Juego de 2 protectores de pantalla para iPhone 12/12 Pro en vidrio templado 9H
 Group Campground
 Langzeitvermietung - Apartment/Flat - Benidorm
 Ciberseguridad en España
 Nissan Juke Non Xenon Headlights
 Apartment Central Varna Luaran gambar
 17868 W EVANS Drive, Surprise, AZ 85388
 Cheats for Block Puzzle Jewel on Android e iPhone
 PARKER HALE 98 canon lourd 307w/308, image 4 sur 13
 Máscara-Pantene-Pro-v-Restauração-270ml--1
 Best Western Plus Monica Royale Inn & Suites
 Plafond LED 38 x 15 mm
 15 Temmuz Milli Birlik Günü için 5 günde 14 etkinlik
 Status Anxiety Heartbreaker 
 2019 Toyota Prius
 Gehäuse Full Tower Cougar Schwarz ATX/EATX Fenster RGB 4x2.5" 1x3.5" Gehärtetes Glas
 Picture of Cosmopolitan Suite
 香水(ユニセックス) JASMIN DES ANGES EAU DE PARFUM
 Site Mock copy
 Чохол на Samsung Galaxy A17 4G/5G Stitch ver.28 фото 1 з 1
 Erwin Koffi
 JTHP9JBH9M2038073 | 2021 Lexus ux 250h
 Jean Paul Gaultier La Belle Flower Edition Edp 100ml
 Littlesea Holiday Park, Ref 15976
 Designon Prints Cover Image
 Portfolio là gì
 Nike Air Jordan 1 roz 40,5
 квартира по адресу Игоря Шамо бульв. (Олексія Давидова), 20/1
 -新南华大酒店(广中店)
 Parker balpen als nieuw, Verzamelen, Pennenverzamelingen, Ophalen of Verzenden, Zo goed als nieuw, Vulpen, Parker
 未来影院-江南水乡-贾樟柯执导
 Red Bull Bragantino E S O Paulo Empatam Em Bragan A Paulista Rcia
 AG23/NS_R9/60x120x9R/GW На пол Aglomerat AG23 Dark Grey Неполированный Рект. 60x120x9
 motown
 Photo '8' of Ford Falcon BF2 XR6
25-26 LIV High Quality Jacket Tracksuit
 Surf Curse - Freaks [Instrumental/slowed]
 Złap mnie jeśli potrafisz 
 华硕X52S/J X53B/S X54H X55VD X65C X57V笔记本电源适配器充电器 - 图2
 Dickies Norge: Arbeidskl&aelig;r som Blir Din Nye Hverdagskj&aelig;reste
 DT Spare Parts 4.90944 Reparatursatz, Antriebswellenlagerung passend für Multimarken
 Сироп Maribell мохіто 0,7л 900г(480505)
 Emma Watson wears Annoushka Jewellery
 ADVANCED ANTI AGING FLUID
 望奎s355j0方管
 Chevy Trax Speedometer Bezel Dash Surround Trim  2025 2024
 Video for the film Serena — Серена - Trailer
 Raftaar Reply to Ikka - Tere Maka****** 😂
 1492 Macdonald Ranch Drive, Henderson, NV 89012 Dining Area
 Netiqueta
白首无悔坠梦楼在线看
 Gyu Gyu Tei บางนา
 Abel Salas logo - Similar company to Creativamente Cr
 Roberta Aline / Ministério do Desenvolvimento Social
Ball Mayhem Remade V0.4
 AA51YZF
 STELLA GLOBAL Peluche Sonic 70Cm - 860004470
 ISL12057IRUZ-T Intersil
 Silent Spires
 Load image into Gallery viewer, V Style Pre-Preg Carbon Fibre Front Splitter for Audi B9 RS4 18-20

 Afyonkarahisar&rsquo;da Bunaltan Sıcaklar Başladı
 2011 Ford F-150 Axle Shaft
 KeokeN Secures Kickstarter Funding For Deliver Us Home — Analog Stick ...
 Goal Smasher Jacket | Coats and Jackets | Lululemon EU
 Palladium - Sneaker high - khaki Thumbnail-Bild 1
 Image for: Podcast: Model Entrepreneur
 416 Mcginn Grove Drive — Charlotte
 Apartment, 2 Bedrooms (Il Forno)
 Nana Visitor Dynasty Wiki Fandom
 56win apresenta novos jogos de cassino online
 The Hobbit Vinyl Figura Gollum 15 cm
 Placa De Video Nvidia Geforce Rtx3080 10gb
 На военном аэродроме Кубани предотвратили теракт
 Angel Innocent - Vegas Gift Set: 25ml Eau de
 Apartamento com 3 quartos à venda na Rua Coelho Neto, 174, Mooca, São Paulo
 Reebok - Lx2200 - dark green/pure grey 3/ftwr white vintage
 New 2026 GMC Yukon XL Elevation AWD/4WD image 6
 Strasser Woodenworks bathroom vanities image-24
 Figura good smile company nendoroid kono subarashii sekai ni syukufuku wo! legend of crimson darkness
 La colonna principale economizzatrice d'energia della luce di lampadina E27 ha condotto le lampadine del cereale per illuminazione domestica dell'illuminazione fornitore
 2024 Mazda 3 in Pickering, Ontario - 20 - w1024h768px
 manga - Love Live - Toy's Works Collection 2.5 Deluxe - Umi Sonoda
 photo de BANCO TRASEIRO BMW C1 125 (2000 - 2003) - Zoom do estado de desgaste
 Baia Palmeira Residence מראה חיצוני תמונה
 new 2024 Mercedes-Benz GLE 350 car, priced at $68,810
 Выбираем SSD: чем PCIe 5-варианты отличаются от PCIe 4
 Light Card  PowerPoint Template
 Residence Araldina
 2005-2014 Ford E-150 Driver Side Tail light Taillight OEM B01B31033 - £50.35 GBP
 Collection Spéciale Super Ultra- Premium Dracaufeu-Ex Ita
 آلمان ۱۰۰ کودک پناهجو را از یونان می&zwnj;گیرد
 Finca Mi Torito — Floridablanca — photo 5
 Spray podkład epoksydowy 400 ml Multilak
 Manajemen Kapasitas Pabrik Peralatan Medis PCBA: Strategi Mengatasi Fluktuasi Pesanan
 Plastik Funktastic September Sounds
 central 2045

WHAT THE TASK ASKS: Scan the material for lines with the word "Jacket". Reply with how many there are, number only.

EXERCISE OUTPUT: 2